Vineyard Wind Backs Fishing Transit Plan
Vineyard Wind has formally endorsed a transit corridor plan for fishing vessels in federal waters off the coast of Massachusetts and Rhode Island, which includes a direct passage through the middle of the company’s 800MW offshore wind lease area.
The endorsed plan enables fishermen from Rhode Island, Massachusetts and the Long Island area to reach fishing grounds south and east of Cape Cod by transiting the length of the wind areas.
It was developed at fishing working group meetings held in September and October and previously supported by fishermen from Massachusetts, Connecticut, Rhode Island and Long Island, as well as the U.S. Coast Guard.
“The fishing industry has placed a significant amount of time and energy into developing a transit corridor plan that works for them,” said Erich Stephens, Chief Development Officer for Vineyard Wind.
“Our team appreciates the work that the fishermen have done to address this and other important concerns.
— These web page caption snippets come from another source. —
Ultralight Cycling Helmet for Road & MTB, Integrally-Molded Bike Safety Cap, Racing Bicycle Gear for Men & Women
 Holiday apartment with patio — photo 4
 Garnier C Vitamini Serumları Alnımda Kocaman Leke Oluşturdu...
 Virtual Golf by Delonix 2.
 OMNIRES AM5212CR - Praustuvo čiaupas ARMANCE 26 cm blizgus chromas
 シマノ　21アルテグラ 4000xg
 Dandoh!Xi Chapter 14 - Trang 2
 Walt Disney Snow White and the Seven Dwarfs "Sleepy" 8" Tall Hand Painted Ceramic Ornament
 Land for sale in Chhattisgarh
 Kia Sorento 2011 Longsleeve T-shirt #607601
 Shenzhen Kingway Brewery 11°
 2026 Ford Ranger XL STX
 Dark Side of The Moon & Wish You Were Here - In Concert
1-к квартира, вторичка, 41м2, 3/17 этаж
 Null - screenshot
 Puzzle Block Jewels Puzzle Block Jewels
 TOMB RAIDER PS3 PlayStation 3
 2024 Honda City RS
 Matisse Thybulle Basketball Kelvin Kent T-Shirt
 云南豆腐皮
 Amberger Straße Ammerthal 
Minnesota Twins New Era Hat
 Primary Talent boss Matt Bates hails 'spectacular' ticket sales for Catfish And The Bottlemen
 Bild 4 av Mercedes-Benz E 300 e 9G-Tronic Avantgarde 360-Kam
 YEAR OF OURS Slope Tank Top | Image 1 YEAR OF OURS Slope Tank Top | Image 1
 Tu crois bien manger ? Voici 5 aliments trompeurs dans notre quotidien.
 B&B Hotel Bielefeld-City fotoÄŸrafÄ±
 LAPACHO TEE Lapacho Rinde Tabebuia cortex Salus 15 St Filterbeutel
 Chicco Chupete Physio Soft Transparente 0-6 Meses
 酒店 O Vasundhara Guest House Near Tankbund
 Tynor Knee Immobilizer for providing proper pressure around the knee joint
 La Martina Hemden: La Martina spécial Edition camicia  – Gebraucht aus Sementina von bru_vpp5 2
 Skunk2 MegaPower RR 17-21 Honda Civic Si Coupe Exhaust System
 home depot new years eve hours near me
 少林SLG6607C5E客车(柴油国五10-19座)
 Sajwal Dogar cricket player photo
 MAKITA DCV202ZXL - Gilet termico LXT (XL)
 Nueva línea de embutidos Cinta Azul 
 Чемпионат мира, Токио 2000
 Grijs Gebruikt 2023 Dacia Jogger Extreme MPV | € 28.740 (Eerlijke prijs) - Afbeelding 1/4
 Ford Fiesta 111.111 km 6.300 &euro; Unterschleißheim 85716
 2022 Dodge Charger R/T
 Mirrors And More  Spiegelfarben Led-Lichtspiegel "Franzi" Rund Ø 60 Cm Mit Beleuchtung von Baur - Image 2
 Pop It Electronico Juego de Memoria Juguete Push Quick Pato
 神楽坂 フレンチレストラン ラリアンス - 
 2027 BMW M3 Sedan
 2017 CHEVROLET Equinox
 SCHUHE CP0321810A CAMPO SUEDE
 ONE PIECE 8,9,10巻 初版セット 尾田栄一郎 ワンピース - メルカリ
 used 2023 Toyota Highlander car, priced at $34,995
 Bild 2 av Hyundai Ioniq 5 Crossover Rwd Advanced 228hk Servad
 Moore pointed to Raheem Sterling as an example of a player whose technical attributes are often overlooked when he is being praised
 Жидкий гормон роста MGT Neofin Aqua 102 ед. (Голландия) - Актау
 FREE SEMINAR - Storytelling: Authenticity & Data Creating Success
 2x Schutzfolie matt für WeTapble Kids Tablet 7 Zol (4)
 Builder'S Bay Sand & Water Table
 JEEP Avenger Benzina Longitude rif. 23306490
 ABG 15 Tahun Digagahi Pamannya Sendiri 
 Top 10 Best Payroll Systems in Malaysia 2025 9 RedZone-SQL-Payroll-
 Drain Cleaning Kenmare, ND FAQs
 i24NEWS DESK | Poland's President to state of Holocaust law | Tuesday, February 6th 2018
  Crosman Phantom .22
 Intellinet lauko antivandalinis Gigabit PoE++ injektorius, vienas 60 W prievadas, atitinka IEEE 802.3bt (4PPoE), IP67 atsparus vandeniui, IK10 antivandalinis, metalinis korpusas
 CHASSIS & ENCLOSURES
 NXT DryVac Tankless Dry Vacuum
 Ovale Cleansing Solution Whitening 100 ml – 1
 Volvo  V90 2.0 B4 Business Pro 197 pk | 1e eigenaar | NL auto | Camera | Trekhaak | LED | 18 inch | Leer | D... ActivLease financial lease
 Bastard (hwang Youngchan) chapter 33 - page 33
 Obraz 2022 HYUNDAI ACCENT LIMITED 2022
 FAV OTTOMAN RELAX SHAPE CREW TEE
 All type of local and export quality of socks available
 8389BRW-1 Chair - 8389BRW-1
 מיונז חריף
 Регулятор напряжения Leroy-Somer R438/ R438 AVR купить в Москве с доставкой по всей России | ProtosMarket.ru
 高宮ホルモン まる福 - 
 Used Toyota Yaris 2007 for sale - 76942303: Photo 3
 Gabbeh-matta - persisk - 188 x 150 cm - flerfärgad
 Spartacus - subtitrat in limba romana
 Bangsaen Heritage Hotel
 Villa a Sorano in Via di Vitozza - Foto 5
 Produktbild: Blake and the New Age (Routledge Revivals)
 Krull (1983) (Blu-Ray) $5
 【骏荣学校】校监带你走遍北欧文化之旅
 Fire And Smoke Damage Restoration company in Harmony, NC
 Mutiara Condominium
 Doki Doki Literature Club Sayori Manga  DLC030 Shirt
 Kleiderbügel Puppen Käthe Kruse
Wind developers must recognize the importance of locating transit lanes through their lease areas when those plans will accommodate the fishermen who work out of ports like Point Judith in Rhode Island and Montauk on Long Island.”
Vineyard Wind said its support comes after alternative plans were discussed at a recent meeting of fishermen, developers and federal agencies, but no new consensus was achieved.
As the first developer to support the fishery transit lanes, the company calls on other developers with leases offshore Rhode Island and Massachusetts to back the proposed plan, emphasizing that all leaseholders must adopt a coherent plan in order for it to be effective.
The Vineyard Wind offshore wind farm is located some 14 miles south of Martha’s Vineyard and will feature MHI Vestas 9.5MW turbines. It is expected to enter the construction phase in 2019 and to be operational by 2021.